Unwinding skeins of very, very fine threads can be an extremely tedious, and near impossible task. Special equipment can make a difference. The extra circumference of Japanese spools is important. Winding on small spools or cones can be impossible.
You also need a proper skein holder or skein maker. A common umbrella swift doesn’t hold the skein flat due to its X shape. If the skein isn’t held evenly the threads can fall down and tangle.
This is the winder that winds the Japanese spools. When a thread breaks, pat the skein from the inside and hopefully the broken end will fall out, and you can continue nicely. It’s imperative to open the skein properly. See below.
Here is the winder with an empty spool on it, ready to go. Notice the guide arm that guides the thread onto the spool. This is essential. I had an antique one, but the guider was gone. It was terrible trying to guide and crank. Another empty spool is shown alongside.
Open any skein CAREFULLY. You must find the precise place that is the center of the ring of threads in the skein. This is true for all skeins if you want them to unwind easily. Search for the ties that encircle the threads.
Look carefully for the ties that tie the skein so the exact center can be found.

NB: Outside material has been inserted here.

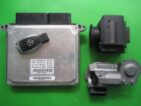 KIT Startup Mercedes E 2.2CDI A6461505472 28114692 CRD.11 W211-0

You can’t check the ties too carefully. Really see that not a single thread is out of place. Often there are two ties that just tie the center of the skein and another one that does the same plus has the ends of the thread tied to it. Find which end unwinds easily and tuck the other end inside the skein holder. Also note that where the ties cross within the skein is not an exact place. It just keeps the ties from slipping.